Short web captions
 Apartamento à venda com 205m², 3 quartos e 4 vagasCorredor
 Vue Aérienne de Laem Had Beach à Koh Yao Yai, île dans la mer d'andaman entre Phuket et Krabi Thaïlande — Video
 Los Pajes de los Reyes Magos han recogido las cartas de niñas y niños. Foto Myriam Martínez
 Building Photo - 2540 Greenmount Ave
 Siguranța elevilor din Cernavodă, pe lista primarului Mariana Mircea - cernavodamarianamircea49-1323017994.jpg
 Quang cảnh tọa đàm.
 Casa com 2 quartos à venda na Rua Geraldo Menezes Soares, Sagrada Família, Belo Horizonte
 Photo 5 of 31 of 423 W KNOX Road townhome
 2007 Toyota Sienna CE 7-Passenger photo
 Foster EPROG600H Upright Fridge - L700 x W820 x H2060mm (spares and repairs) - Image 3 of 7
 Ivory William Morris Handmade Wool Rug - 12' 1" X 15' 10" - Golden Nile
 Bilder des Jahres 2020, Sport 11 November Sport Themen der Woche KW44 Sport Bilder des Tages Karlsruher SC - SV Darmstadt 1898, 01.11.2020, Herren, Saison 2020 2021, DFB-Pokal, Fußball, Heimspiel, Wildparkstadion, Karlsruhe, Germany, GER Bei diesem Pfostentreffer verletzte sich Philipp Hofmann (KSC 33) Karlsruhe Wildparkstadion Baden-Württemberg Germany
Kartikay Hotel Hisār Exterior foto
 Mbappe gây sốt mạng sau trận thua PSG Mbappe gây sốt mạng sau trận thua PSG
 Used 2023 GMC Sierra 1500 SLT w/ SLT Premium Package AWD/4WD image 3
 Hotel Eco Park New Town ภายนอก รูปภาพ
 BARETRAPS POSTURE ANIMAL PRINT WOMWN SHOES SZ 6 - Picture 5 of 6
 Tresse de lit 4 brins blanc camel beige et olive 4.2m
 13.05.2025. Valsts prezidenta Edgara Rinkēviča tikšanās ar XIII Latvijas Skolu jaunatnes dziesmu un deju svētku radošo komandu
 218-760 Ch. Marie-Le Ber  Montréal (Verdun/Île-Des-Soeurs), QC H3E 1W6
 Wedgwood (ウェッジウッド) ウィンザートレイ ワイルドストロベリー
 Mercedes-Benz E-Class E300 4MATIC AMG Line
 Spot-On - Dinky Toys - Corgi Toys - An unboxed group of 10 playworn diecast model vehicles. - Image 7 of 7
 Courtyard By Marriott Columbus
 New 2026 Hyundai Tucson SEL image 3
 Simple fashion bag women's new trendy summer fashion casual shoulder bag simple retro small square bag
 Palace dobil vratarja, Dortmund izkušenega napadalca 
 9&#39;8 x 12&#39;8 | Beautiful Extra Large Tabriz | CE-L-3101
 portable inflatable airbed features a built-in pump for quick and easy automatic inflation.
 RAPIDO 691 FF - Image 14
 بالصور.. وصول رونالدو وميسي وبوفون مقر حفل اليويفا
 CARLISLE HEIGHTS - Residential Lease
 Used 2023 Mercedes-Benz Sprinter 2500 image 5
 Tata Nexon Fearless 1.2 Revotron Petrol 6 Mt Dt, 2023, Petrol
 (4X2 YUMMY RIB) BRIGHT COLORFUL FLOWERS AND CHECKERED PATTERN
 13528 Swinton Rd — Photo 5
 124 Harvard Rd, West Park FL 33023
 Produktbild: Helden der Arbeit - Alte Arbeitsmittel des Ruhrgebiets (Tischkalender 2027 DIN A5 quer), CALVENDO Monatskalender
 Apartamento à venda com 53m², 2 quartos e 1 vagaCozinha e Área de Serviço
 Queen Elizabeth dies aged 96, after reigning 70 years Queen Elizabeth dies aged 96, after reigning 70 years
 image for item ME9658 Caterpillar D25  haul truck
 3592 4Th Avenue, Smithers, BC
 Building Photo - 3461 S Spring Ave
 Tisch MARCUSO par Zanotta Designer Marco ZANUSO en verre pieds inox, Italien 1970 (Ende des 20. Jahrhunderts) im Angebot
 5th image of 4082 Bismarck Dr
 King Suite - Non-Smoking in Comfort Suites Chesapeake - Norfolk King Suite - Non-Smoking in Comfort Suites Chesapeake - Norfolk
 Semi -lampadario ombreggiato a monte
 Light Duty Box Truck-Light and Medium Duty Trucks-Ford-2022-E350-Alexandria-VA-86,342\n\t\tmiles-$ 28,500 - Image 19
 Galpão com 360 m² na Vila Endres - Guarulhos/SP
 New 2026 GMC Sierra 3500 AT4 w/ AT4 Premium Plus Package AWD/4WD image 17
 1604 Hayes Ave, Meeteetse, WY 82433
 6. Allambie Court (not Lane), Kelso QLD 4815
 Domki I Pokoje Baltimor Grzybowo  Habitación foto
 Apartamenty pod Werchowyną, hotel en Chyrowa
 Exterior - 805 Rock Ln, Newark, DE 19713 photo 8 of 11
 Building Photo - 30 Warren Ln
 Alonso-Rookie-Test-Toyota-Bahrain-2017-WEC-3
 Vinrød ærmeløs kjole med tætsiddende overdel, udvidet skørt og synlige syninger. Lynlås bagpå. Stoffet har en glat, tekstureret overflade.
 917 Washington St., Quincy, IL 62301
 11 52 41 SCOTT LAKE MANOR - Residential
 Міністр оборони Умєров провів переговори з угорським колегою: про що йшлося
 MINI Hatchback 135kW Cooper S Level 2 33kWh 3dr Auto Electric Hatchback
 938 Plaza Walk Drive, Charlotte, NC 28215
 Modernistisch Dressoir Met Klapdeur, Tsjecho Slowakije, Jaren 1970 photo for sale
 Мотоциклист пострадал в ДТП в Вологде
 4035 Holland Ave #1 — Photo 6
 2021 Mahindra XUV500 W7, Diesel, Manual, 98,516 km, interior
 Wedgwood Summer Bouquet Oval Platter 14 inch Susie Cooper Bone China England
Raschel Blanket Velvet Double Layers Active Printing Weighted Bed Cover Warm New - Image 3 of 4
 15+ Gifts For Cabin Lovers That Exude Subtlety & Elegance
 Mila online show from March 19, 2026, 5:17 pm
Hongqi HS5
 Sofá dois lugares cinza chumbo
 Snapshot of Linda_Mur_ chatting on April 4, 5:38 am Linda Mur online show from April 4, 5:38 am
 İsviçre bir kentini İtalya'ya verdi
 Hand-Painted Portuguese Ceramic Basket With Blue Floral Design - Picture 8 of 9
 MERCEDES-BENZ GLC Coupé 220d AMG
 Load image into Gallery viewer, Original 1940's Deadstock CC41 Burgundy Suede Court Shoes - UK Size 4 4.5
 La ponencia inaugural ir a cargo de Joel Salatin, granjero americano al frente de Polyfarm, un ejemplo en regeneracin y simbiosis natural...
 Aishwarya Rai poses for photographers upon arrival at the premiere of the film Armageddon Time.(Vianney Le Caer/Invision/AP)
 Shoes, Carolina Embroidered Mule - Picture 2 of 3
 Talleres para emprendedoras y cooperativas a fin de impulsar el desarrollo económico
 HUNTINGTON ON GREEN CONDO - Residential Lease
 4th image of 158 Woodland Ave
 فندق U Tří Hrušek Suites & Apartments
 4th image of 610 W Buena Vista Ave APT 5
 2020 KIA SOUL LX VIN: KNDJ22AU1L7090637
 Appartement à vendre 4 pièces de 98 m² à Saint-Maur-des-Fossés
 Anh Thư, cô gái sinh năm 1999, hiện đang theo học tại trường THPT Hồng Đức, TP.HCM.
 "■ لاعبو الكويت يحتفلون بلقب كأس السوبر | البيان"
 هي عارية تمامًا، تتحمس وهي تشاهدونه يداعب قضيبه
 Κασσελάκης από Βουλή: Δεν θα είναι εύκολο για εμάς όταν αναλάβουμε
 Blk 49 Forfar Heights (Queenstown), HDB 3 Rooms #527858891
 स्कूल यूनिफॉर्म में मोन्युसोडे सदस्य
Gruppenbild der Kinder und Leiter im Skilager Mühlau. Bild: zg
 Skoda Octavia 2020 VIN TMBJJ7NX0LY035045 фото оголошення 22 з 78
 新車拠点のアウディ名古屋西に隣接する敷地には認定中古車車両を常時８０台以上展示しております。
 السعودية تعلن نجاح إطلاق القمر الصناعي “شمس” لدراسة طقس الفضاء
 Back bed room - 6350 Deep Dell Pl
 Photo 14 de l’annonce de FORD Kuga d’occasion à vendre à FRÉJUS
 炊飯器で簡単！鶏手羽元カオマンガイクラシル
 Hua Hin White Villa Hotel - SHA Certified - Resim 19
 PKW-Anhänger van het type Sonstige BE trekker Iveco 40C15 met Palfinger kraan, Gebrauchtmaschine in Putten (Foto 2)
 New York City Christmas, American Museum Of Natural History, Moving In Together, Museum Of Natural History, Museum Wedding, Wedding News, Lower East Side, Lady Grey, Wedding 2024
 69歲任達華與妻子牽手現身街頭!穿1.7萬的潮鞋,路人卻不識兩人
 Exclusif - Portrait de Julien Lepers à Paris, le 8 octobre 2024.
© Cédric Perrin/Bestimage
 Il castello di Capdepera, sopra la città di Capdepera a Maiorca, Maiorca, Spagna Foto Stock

> [ASSIGNED TASK]
If a line in the entries above contains "Used", include it in the count, then report only the total.

> [OUTPUT BELOW]
2